Why Do New Yorkers Hate Your Pizza?

Why Do New Yorkers Hate Your Pizza?

The Hidden New York Blog

Urban Spelunking at its Finest
A lot of transplants to the City look for yardsticks to measure the moment when they become legitimate “New Yorkers.” Here’s an easy one: do you order Domino’s by choice, and not just out of necessity at 4am after a night of hard drinking? If so, rest easy, you’re still a Michigander.
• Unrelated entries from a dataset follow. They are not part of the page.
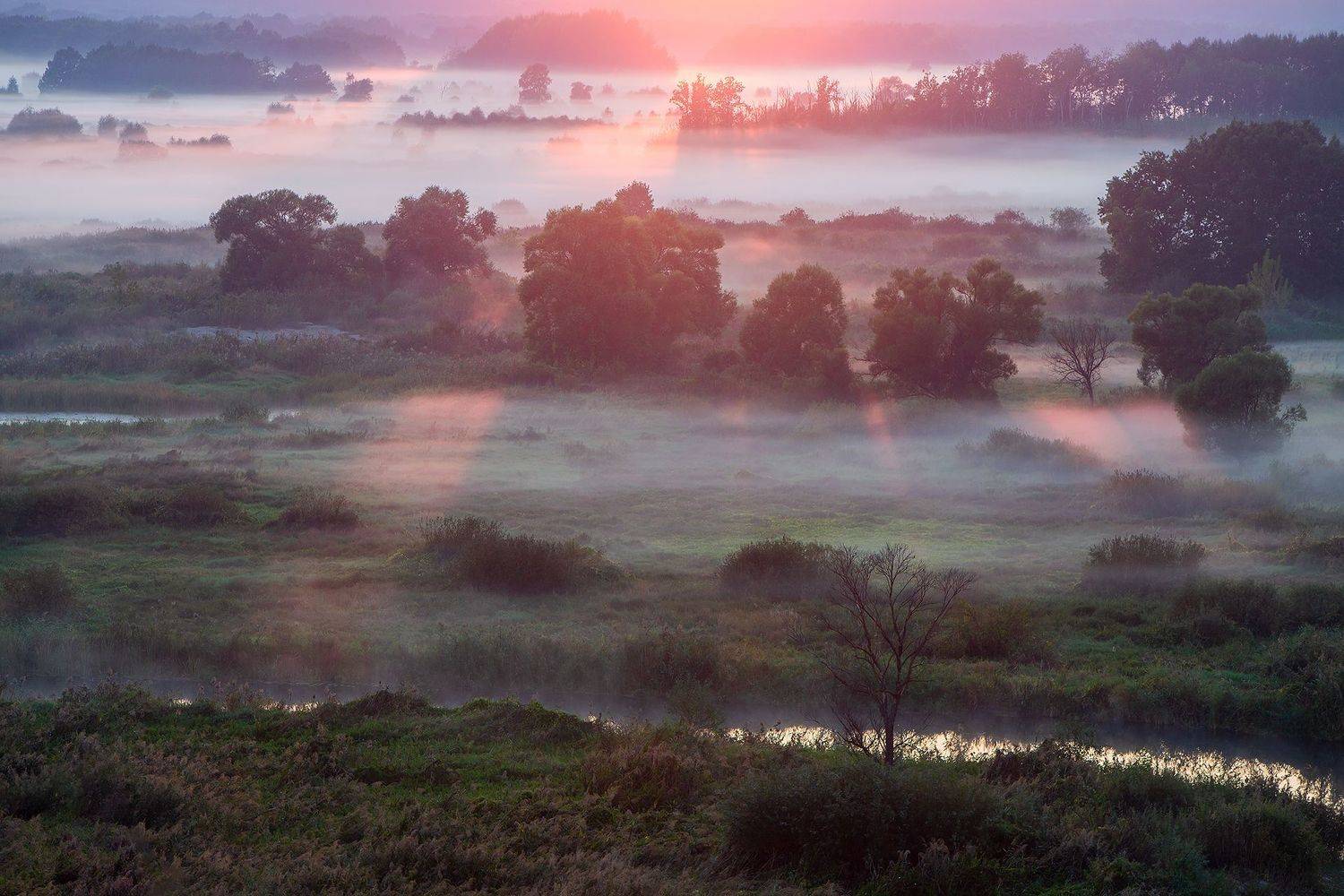 Фотография #6653182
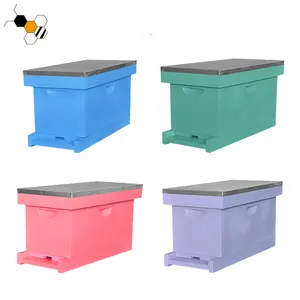 2023 Beekeeping supplier multi-color queen bee box painted 5 frame nuc box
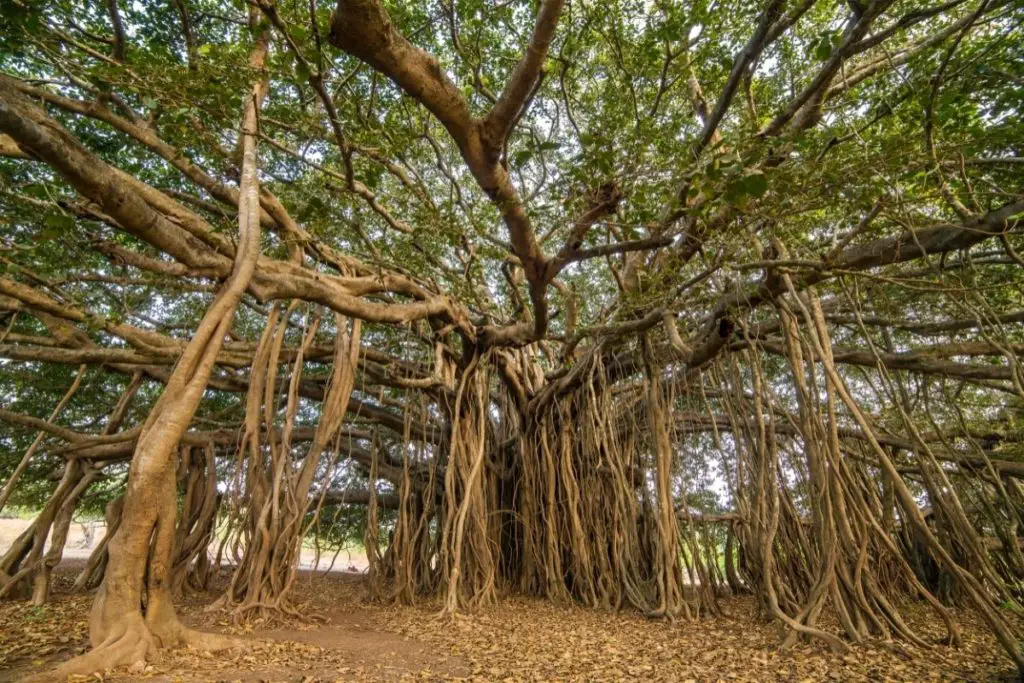 Asian Trees-Banyan Tree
If there’s one thing every native New Yorker can agree on, its that everyone else’s pizza is terrible. Really terrible. Get two New Yorkers together doing time at a Turkish prison, and in about five minutes they’ll start bonding over the lousy pizza in Istanbul. So why are we so particular about our pizza? Is it just because we invented the American variety? Well, no. We invented underground transit, but no one in their right mind would argue that our system is the most efficient. Or the cleanest.  Although, if you’re away from the city for too long you do start to miss that subway smell; a unique combination of burnt ozone and urine not to be found anywhere else in the world. At least not anyplace that I’ve ever been. And I’ve been a lot of places. If you know of a place, drop us a line.

The Croton Aqueduct, bringing fresh water to NYC since 1842.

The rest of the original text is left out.